A ZENIT DAILY DISPATCH
Concelebrants From Different Rites
ROME, 26 JUNE 2007 (ZENIT)
Answered by Legionary Father Edward McNamara, professor of liturgy at the Regina Apostolorum university.
Q: Are there special norms for the celebration of Mass when priests of different rites concelebrate? — A.E., New York
A: The 1983 Code of Canon Law for the Latin rite is silent regarding this subject, but it was specifically addressed in the Code of Canons of the Eastern Churches promulgated in 19—
Canon 701 of this code states: "For a just cause and with the permission of the eparchial bishop, bishops and presbyters of different churches 'sui iuris' can concelebrate, especially to foster love and to manifest the unity of the Churches. All follow the prescripts of the liturgical books of the principal celebrant, avoiding any liturgical syncretism whatever, and preferably with all wearing the liturgical vestments and insignia of their own Church 'sui iuris.'"

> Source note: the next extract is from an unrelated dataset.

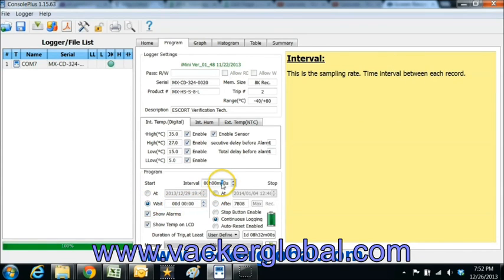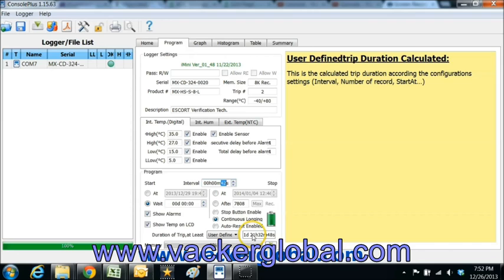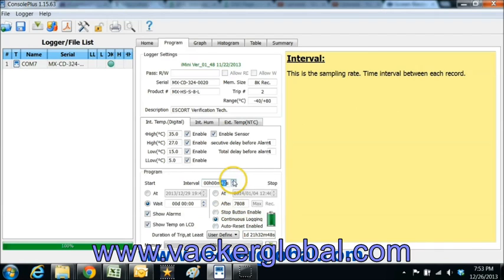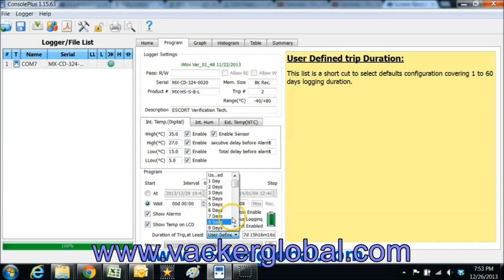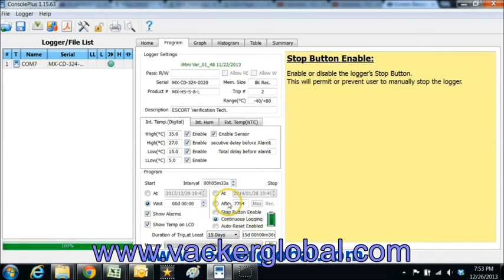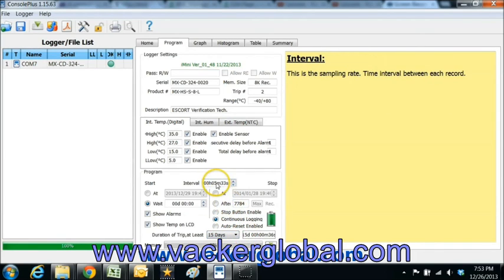Here you can change the sampling interval in seconds, minutes or hours. Accordingly you can see that the total recording duration automatically changes. Also you can define the total duration of recording required by you and the sampling interval changes automatically.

Unlike most canons, this one lists no sources for its indications in earlier documents, thus confirming that it was specifically composed to address a relatively new situation. As it is the only norm available, its indications are also applicable to Roman-rite priests.

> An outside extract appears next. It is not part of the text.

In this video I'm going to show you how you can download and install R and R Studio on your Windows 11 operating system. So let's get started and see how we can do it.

To this may be added the injunction of the instruction "Redemptionis Sacramentum," No. 113: "Where it happens that some of the Priests who are present do not know the language of the celebration and therefore are not capable of pronouncing the parts of the Eucharistic Prayer proper to them, they should not concelebrate, but instead should attend the celebration in choral dress in accordance with the norms."
Therefore a priest, with sufficient dominion of the language, may receive permission to concelebrate in a Mass of a rite different from his own. This permission may be for a specific situation or habitual, as may be the case of some Eastern priests studying or residing in Latin-rite institutes or priestly residences.

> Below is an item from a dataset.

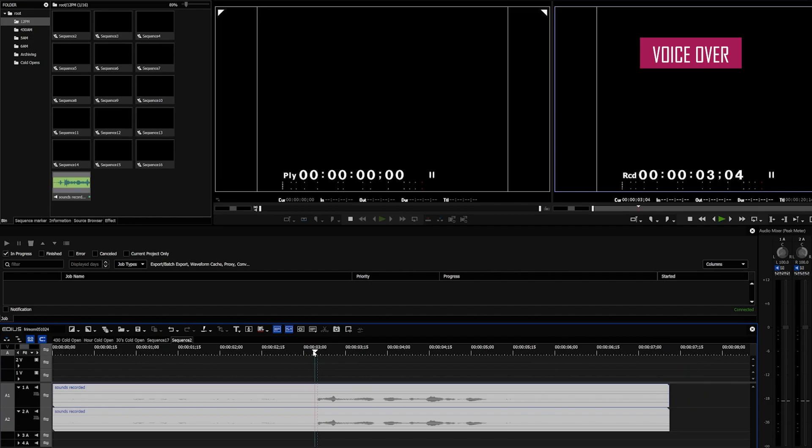The first thing you're going to want to do is split your audio so that the loud and soft parts are separate tracks as far as your timeline is concerned.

The priest should normally participate in the vestments of his own rite, as was clearly visible in Pope John Paul II's funeral and Benedict XVI's installation Mass where each of the Eastern cardinals who concelebrated wore his own proper vestments.
Canon 7—2 of the Eastern code, however, allows for exceptions to be made to this rule if proper vestments are unavailable. This could easily happen to an Eastern priest traveling in Europe or America or, less likely, a Latin-rite priest in an Eastern country. In such cases he may concelebrate using Latin or Eastern vestments.
As the canon says, there should be no attempt to syncretize or mix elements of different rites. Only one rite may be followed.
The texts and rubrics of some Eastern rites have been translated into several languages. In some cases these translations are for study purposes only, and priests may never concelebrate using a translation that has not been formally approved for liturgical use by the proper authorities.
* * *
Follow-up: Concelebrants From Different Rites [7-10-2007]
Along with the recent question on priests of different rites concelebrating (June 26), other queries have asked about the concelebration itself.
One priest asked for a clarification as to the concept "principal celebrant." He wrote: "To me it seems that one is either a celebrant or not. This is particularly annoying in vesture. To distinguish between the celebrants seems to confuse the idea of a hierarchical liturgy. I understand the practicality of the distinction, but it seems that with the frequency of concelebration, concelebrants seem like 'secondary' ministers not equal in dignity to the celebrant — the bishop being a different matter altogether is understood."
Of course, except in the case of a bishop, all priest concelebrants have the same dignity and all equally celebrate. This is emphasized by such details as the priest who reads the Gospel not asking for a blessing from another priest as he would from a bishop.
However, when the Church restored the practice of concelebration it decided that the model for all concelebrations would be the Mass presided over by the bishop.
This principle, as well as the need to preserve the unity and dignity of the celebration, resulted in the decision not to divide the principal rites and prayers among several priests. Rather, only one of them would carry them out, except for some parts of the Eucharistic Prayer.
This priest, who is called the principal celebrant, also establishes the basic rhythm of the celebration to which the other priests adjust.
Since it is he who presides over the assembly, it is congruous, but not strictly necessary, that he wear a different chasuble if all celebrants are fully vested. If the other concelebrants are wearing just an alb and stole, then he must wear a chasuble over the alb and stole.
This brings us to another related question from the Philippines: "Does the rule of wearing a proper vestment (alb, chasuble and stole) during concelebration apply to a Mass celebrated at a private chapel of the residence of priests? Will it be proper for a priest just to participate in the Mass without concelebrating?"
The Mass, even if celebrated in a private chapel, is always a public action of the Church and therefore the same rules apply everywhere.
The Church highly recommends daily Mass to all priests even if no congregation can be present, but it does not oblige the priest to celebrate. In this way a priest may simply attend a Mass.
Nevertheless, unless the priest has another Eucharistic celebration the same day, it is much better that he concelebrate rather than merely assist. In this way he can obtain more graces for souls in need, and thus more fully exercise his pastoral charity.